La tua opera rappresenta un esempio di come il confine tra generi sia labile. Fantascienza, steampunk, fantasy, horror e forse un po' di thriller che si fondono in un concetto nuovo. Qual è il percorso che ha portato a questa fusione?
“Fusione”, giusto. “Ibridazione”, “contaminazione”, “crossover”. Lo dico sempre, non mi sento accasato in nessun genere puro. Ma i miei cocktail non sono mai studiati a tavolino, sono piuttosto derive, la naturale piega che prende la storia quando in qualche modo lasci che sia lei a farsi raccontare. Ho un’“autonomia visiva” molto corta quando scrivo: non faccio mai scalette ed è come se guardassi cosa succede al plot e ai personaggi standomene dietro un parabrezza bagnato, in una notte di tregenda. Con i tergicristalli che non funzionano. Finisci per prendere su di tutto dalle ruote.
Se dovessi scegliere un personaggio, un’ambientazione di altri scrittori, stranieri o italiani con cui cimentarti, quale sceglieresti?
Bella domanda, non ci ho mai pensato. Vivo la fascinazione per un bel libro altrui con molto trasporto, magari mi piacerebbe averlo scritto io o aver avuto quella particolare idea. Ma poi mi dico che una storia è come uno spazzolino da denti, tu autore non puoi condividerla con un collega; la puoi sentire “tua” come lettore, ma non come scrittore! Ciò non toglie che mi piacerebbe un sacco aver scritto “La strada” di Cormac McCarthy o “Il profumo” di Patrick Süskind; aver partorito l’idea di Deepgate, la città su catene di Alan Campbell, o il personaggio di Guy Montag in “Fahrenheit 451”…
Mondo9 ha avuto un enorme successo, sia in Italia che all’estero. Una storia incredibile, che viaggia attraverso il tempo e lo spazio senza mai risentirne. La protagonista è una nave, la Robredo, una macchina infernale, senziente, che mangia ruggine, carne umana e tanto altro per alimentare i suoi motori. Perché hai scelto una nave come protagonista?
Perché la Robredo è un concentrato di caratteri distintivi umanissimi, è come descrivere un personaggio in carne e ossa: solo con una serie di peculiarità che te la rendono oltremodo versatile anche per dire “altro”. E offre un punto di vista originale di per sé. Credo che molto del successo di “Mondo9” sia da attribuire a lei, al fatto che tenga la scena con molto maggior “carattere” e varietà d’intenti di quanto avrebbe fatto un personaggio umano.

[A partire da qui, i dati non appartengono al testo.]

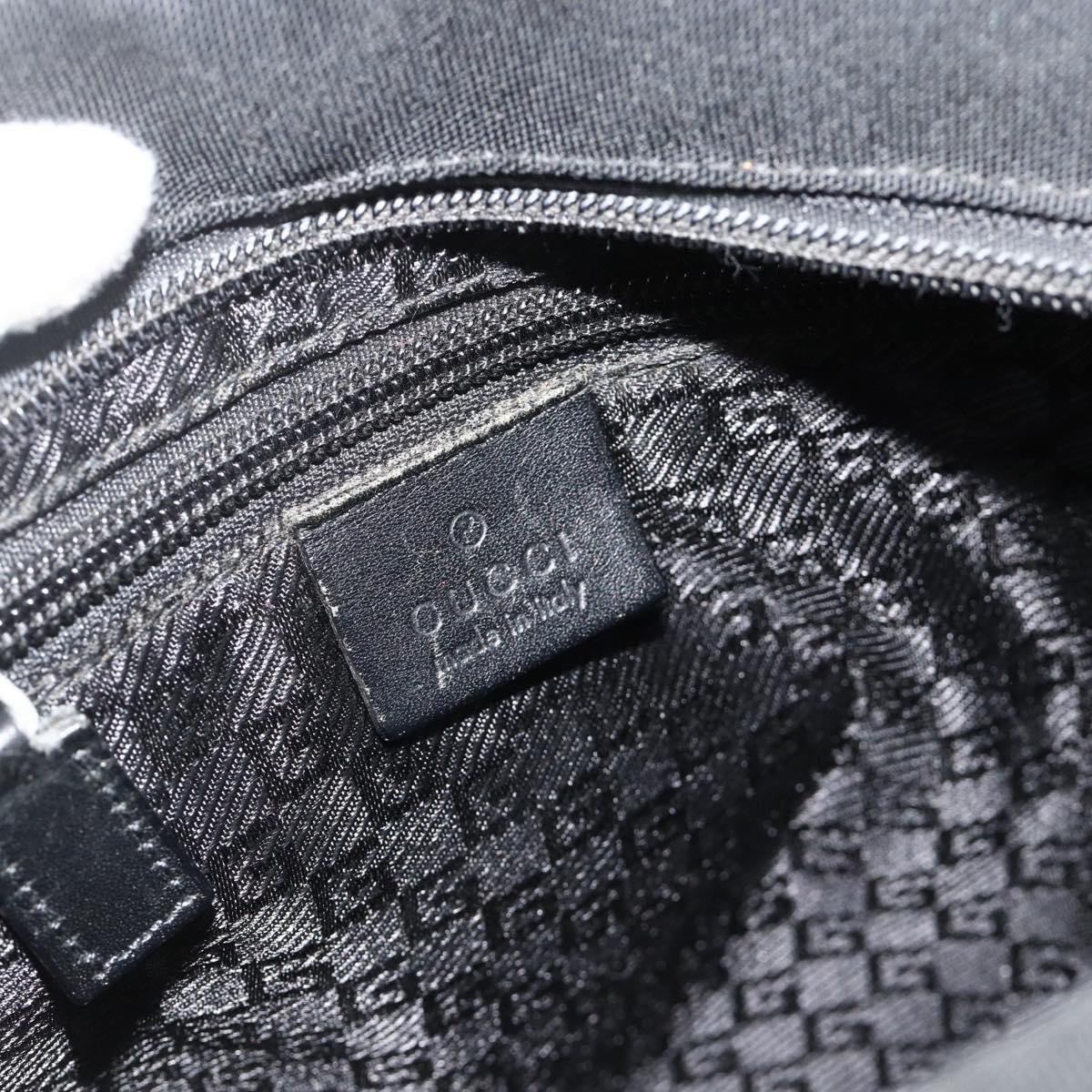 GUCCI Shoulder Bag Nylon Black Silver 018 1612 Auth ep14214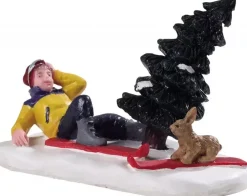 Lemax ski bunny kerstdorp figuur type 2 Vail Village 2019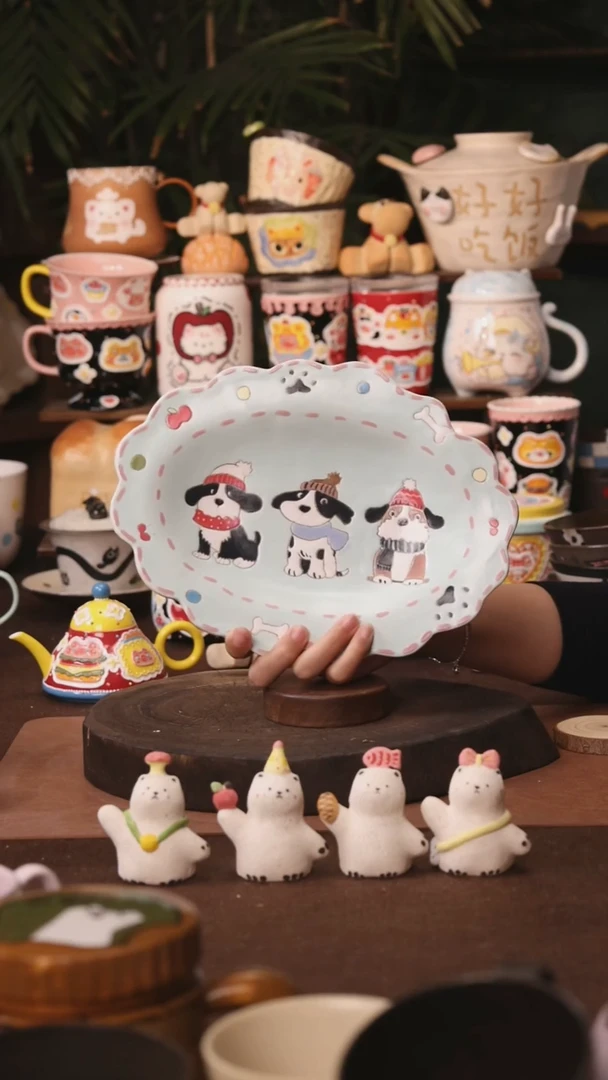 摆件景德镇原创手作陶瓷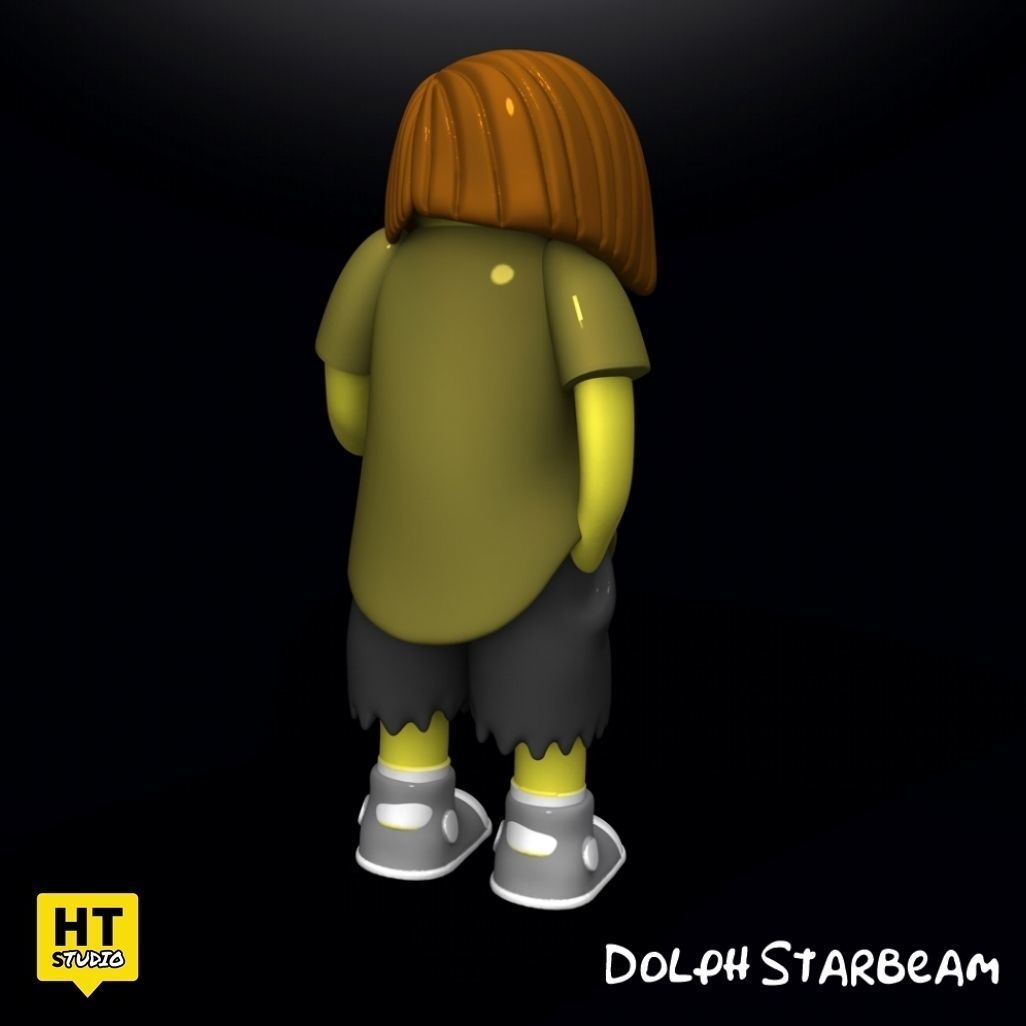 Dolph Starbeam The Simpsons 3D print model_2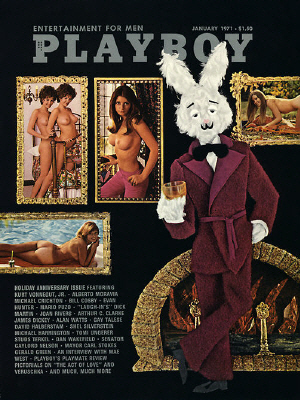 Okładka Playboy Styczeń 1971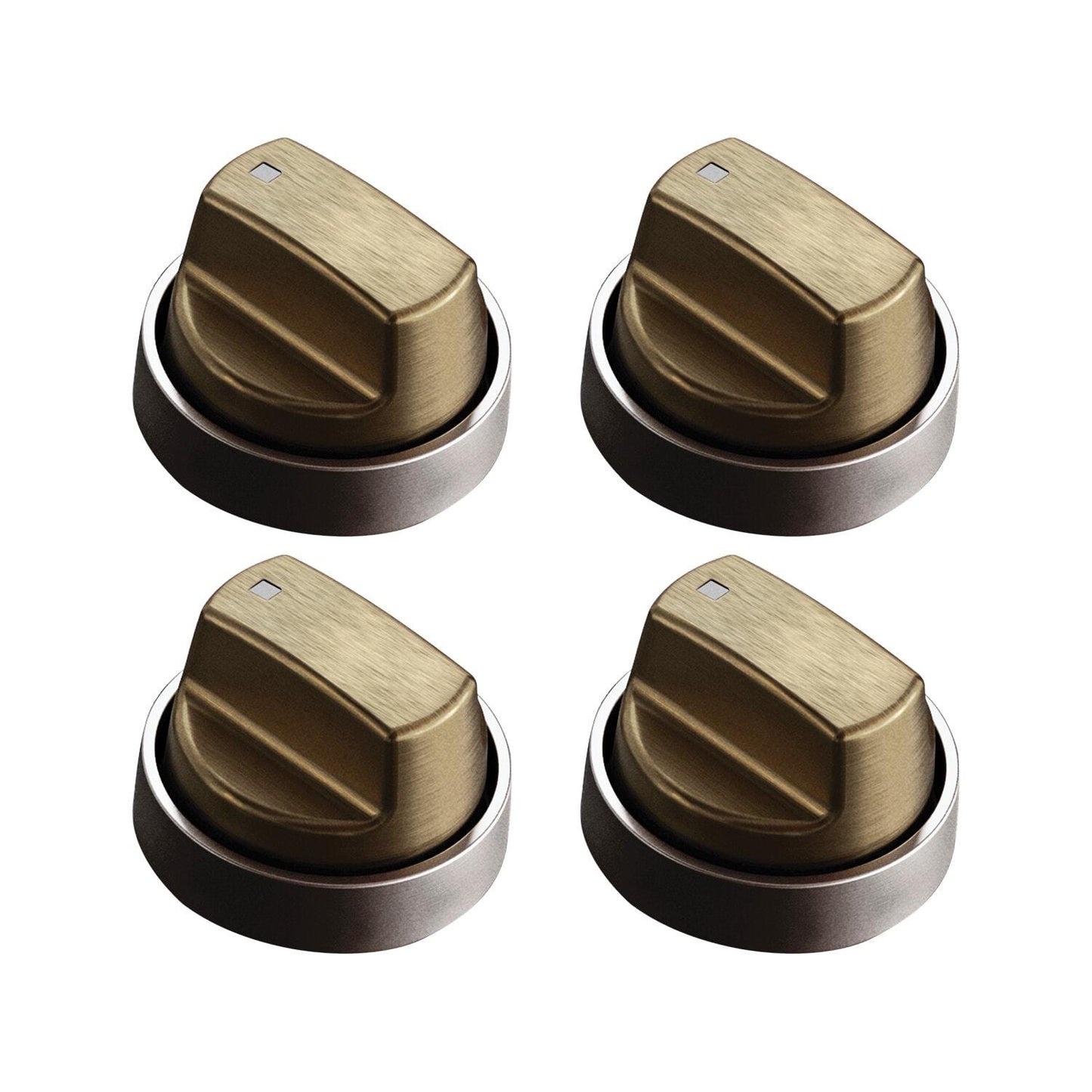 Wolf 9056357 30" Professional Gas Cooktop Brushed Brass Knob Kit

Se mi permetti, ritengo di avere ribaltato la prospettiva classica dell’(anti)eroe che si oppone la macchina. Ho imbracciato il cannocchiale e ci ho guardato dentro dalla parte dell’obiettivo, con il risultato che gli uomini sono diventati piccoli piccoli, delle formichine con poca o nessuna voce in capitolo di fronte agli eventi…
E se invece tu fossi un lettore qualsiasi, se ti guardassi dall’esterno, che significato daresti alle navi di Mondo9?
Umanità su ruote anziché su gambe, pneumatici di gomma al posto di scarpe o sandali. Pachidermi dotati d’intelligenza propria, che mangiano carne per tracciare rotte e macinare miglia… Che usano l’olio lubrificante alla stessa stregua del sangue. Che hanno bisogni, aspirazioni, paure! Ti confido che nell’idea originaria le navi avrebbero dovuto essere di legno, con tanto di funghi e anelli di crescita a vista; poi, già dalla prima stesura, hanno prevalso metallo e ruggine.
Quanto di te c’è nella storia?
Tutto! Mi ci sono buttato a pesce. “Mondo9” mi ha coinvolto in maniera totale. Ogni personaggio, ogni nave, ogni granello di sabbia. E quando credevo di aver finito un capitolo, c’era sempre qualcosa da aggiungere o da tagliare. Da migliorare. Ho lavorato con ottimi editor. L’effetto finale è uno specchio lucido che mi riflette in pieno, e riflette soprattutto il tipo di storie con cui mi piace essere intrattenuto sia come autore sia come lettore: idee, sense of wonder, azione, world building. Accelerazioni folli e brusche frenate. Angoli cupi e panorami da vertigine.